• [The problem]: Once you find the line that contains "2005年 默克爾成為德國歷史上首位女總理" in the entries below, give it again along with every following line, unchanged, through the final one.

• [Given records]:

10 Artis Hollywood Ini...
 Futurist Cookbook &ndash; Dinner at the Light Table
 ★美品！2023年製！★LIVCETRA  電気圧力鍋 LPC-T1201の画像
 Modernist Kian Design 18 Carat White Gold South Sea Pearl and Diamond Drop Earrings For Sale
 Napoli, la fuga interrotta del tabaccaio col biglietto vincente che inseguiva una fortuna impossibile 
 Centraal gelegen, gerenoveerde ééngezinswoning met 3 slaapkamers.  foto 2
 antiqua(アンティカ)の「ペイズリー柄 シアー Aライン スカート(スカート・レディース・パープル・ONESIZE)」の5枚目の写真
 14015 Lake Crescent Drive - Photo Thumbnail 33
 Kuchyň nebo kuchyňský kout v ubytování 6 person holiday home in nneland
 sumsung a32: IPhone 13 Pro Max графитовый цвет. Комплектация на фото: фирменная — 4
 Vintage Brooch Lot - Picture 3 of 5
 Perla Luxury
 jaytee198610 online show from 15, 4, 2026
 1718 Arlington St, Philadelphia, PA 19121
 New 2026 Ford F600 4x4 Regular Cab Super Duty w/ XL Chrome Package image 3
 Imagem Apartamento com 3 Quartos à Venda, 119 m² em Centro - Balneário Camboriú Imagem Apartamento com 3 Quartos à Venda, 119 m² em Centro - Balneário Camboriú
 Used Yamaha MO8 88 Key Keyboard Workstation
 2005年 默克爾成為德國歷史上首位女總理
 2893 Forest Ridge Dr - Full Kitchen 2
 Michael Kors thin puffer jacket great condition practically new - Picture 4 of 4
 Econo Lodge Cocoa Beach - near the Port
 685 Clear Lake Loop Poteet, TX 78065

• [The answer]:
 2005年 默克爾成為德國歷史上首位女總理
 2893 Forest Ridge Dr - Full Kitchen 2
 Michael Kors thin puffer jacket great condition practically new - Picture 4 of 4
 Econo Lodge Cocoa Beach - near the Port
 685 Clear Lake Loop Poteet, TX 78065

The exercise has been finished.